マルチフェロイック物質

らせん磁性

らせん磁性を持つ六方晶フェライトは、磁場下でその磁気秩序が変化するとともに、電気磁気効果を発現します。この電気・磁気効果の発現メカニズムを解明するうえで、らせん磁気秩序とそのドメイン構造、磁場下でのらせん磁気秩序とそのドメイン構造のダイナミクスを調べることは重要です。
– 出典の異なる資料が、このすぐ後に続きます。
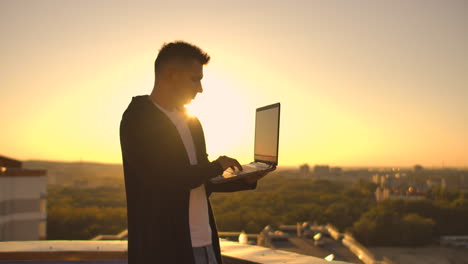 The-camera-follows-a-man-walking-across-a-rooftop-at-sunset-with-a-laptop-and-a-bottle.-The-freelancer-opens-the-laptop-and-types-on-the-keyboard.-Slow-motion-hacker-walks-on-the-roof-with-a-laptop.
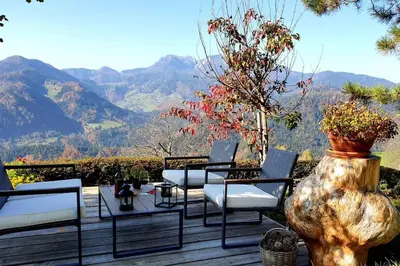 a deck with chairs and tables and a view of mountains at House Pucnk-beautiful countryside in Železniki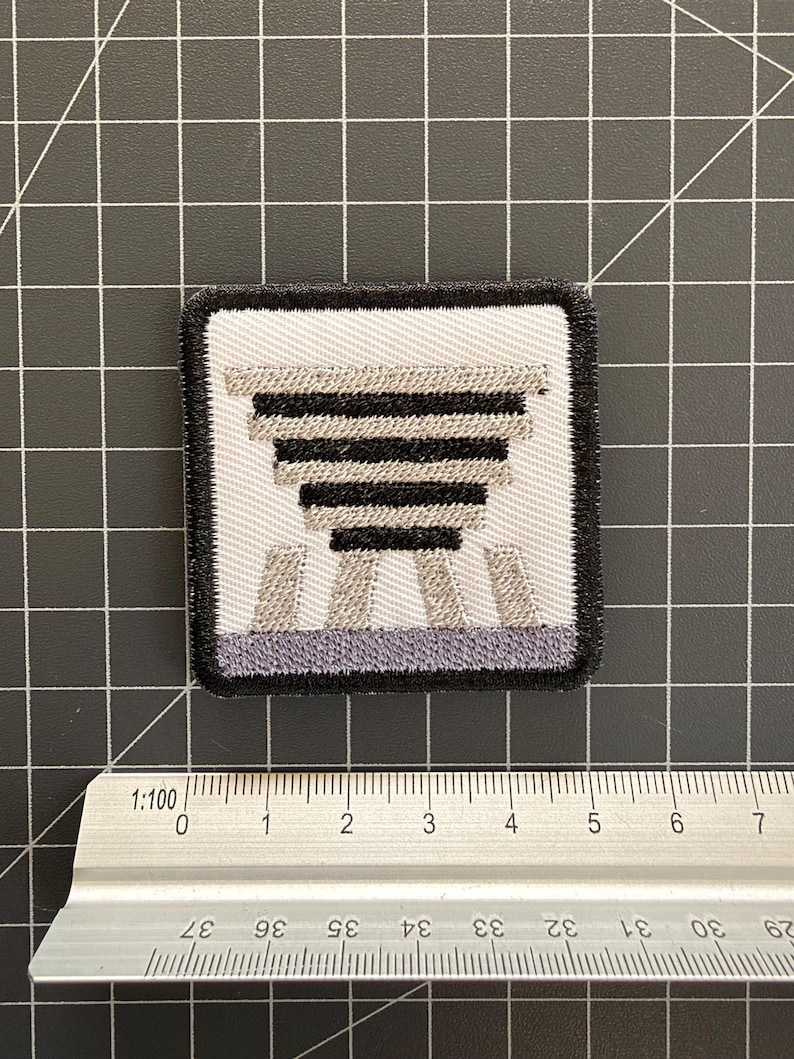 Puede incluir: Un parche bordado cuadrado con fondo blanco y un dise&ntilde;o geom&eacute;trico en negro y gris que recuerda a una estructura escalonada. El parche est&aacute; colocado sobre una regla de metal, mostrando una anchura de aproximadamente 5 cm.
当研究室では、六方晶フェライト系物質での磁場印加に誘起されるスピン高次構造(Fan構造など)の実空間観察を行うとともに、らせん磁気秩序やスピン高次構造およびそのドメイン構造のダイナミクスのその場観察を行うことにより、六方晶フェライト系物質および関連物質系の電気磁気効果の発現メカニズムを明らかにし、室温で電気磁気効果を示す新規ならせん磁性体を探索しています。

らせん

小角電子線散乱

小角散乱法は、従来、小角X線散乱法や小角中性子散乱法により金属の析出現象やポリマーなどの巨視的なドメイン構造の観察に適用されてきました。一方、電子線を用いた小角散乱法は、1960年以来幾つかの研究事例はあるものの、その角度分解能は10-4[rad]程度であり、磁性体やポリマーへの応用例のみであった。最近当研究室では、透過型電子顕微鏡を用いて、対物レンズ、中間レンズ、および投影レンズ系のレンズ電流値を制御することで、LaB6型透過型電子顕微鏡を用いて、0.1 mから1000 mにわたってカメラ長を制御できるシステムを実現し、電子線散乱角の角度分解能を10-6[rad]程度まで向上させることに成功しました。